About this exercise: A full, exact copy of the listing is needed, with images omitted.

Data provided:
··········

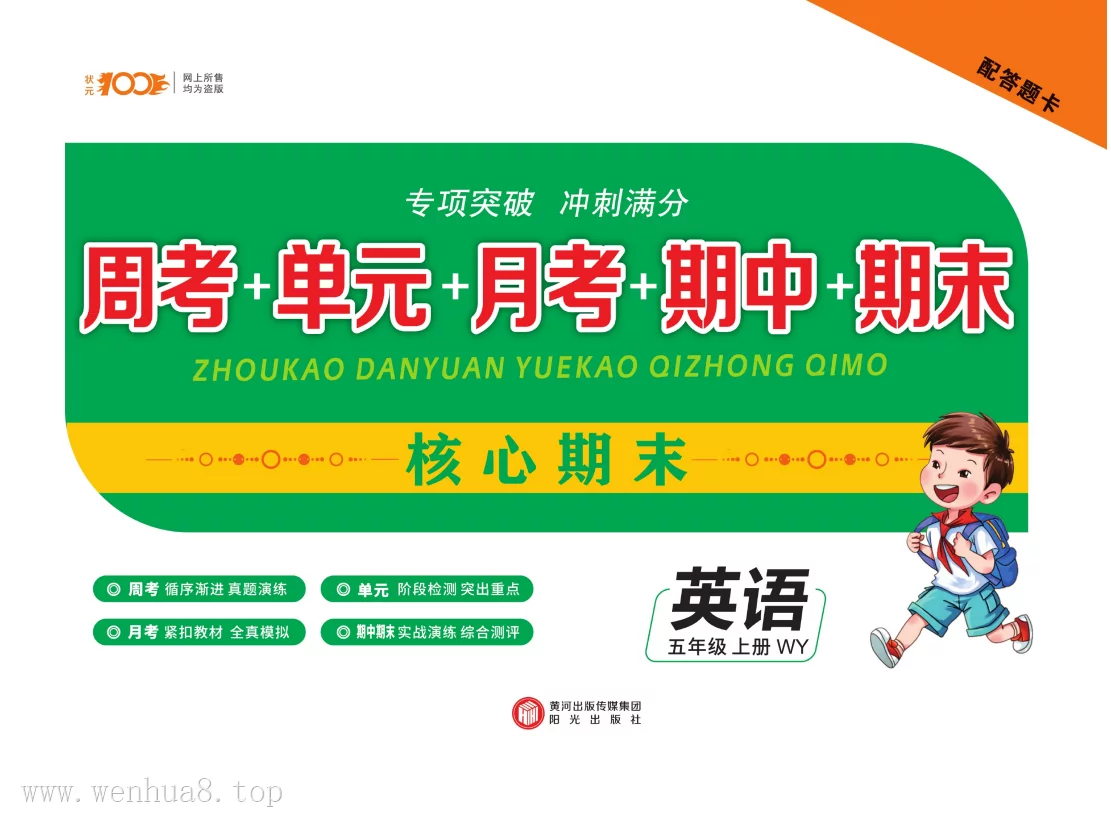 小学英语【试卷习题】【汇总】(1-6年级上下册)(多版本)最新教材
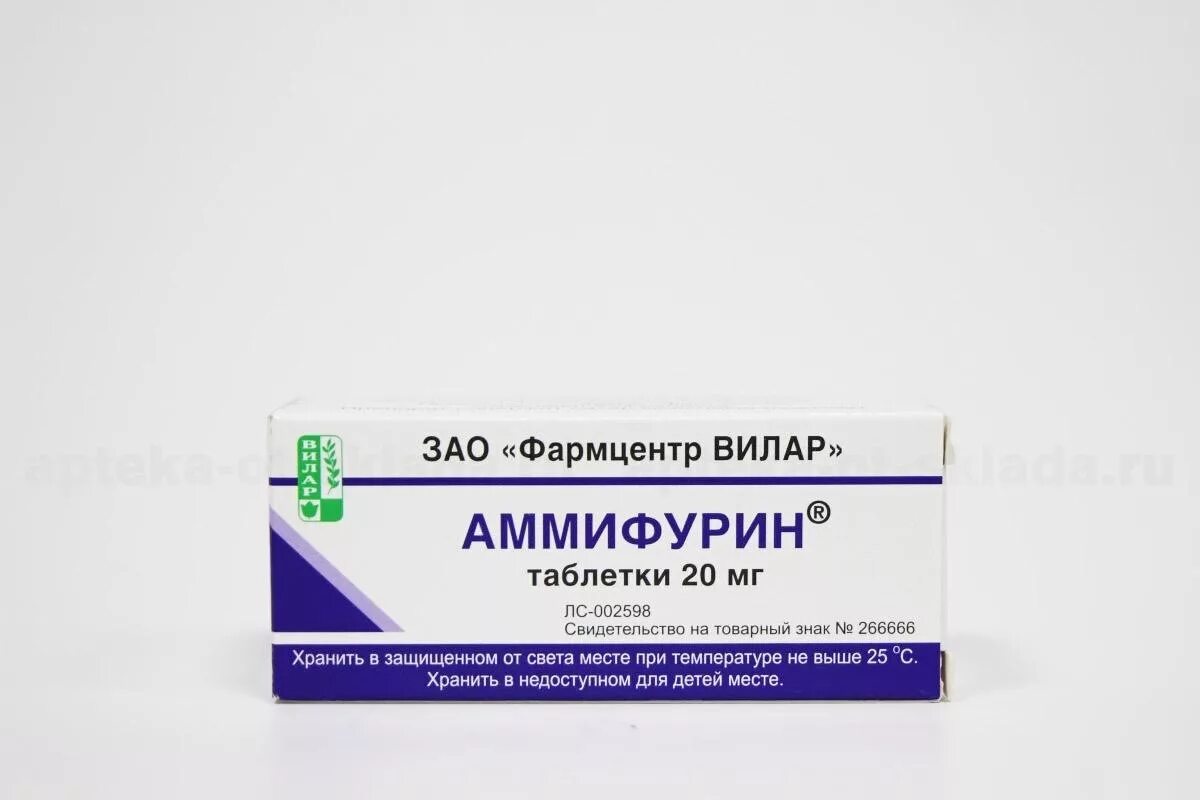 Аммифурин в капсулах. Аммифурин раствор для наружного применения. Аммифурин. Аммифурин раствор. Аммифурин таблетки инструкция.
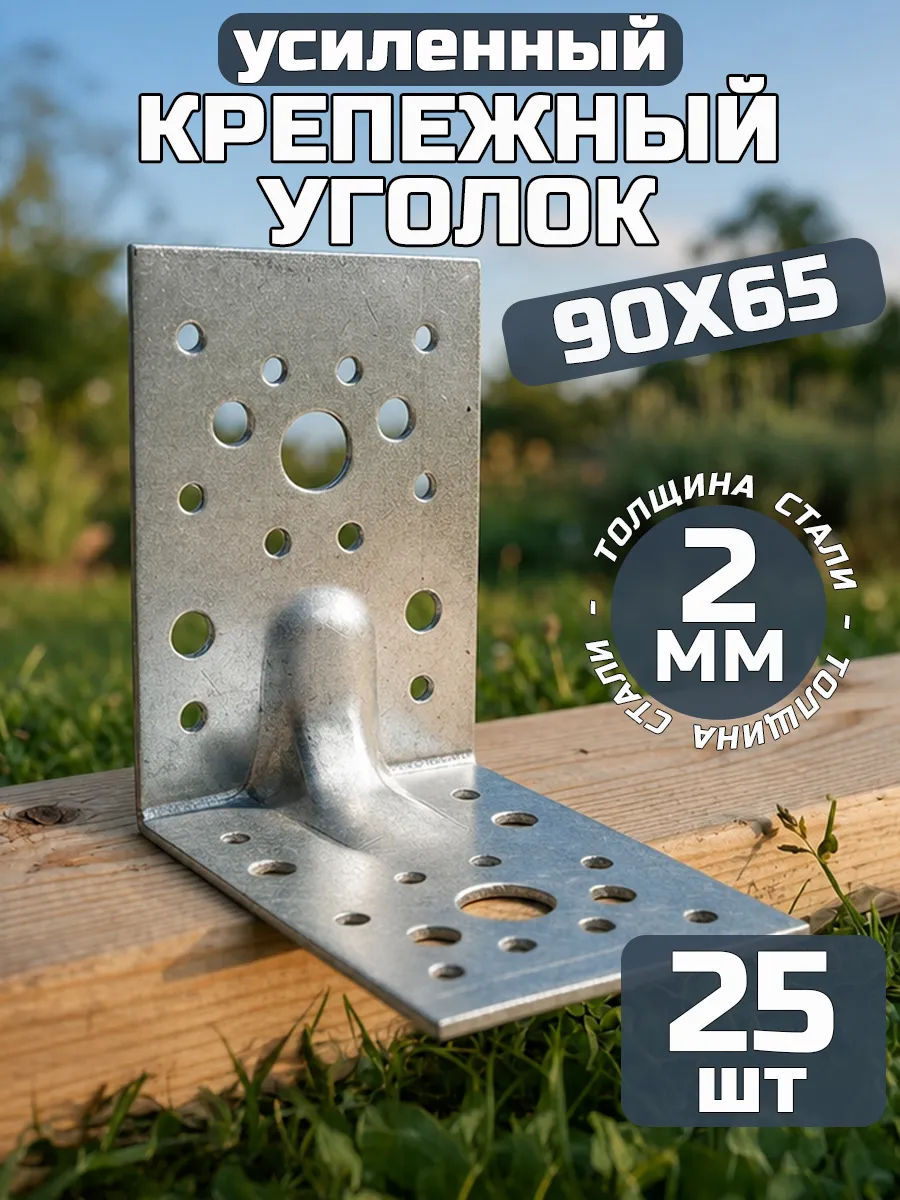 Уголок крепежный усиленный 90х90х65 мм, толщина 2 мм (25 шт)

··········

Exercise result:
 小学英语【试卷习题】【汇总】(1-6年级上下册)(多版本)最新教材
 Аммифурин в капсулах. Аммифурин раствор для наружного применения. Аммифурин. Аммифурин раствор. Аммифурин таблетки инструкция.
 Уголок крепежный усиленный 90х90х65 мм, толщина 2 мм (25 шт)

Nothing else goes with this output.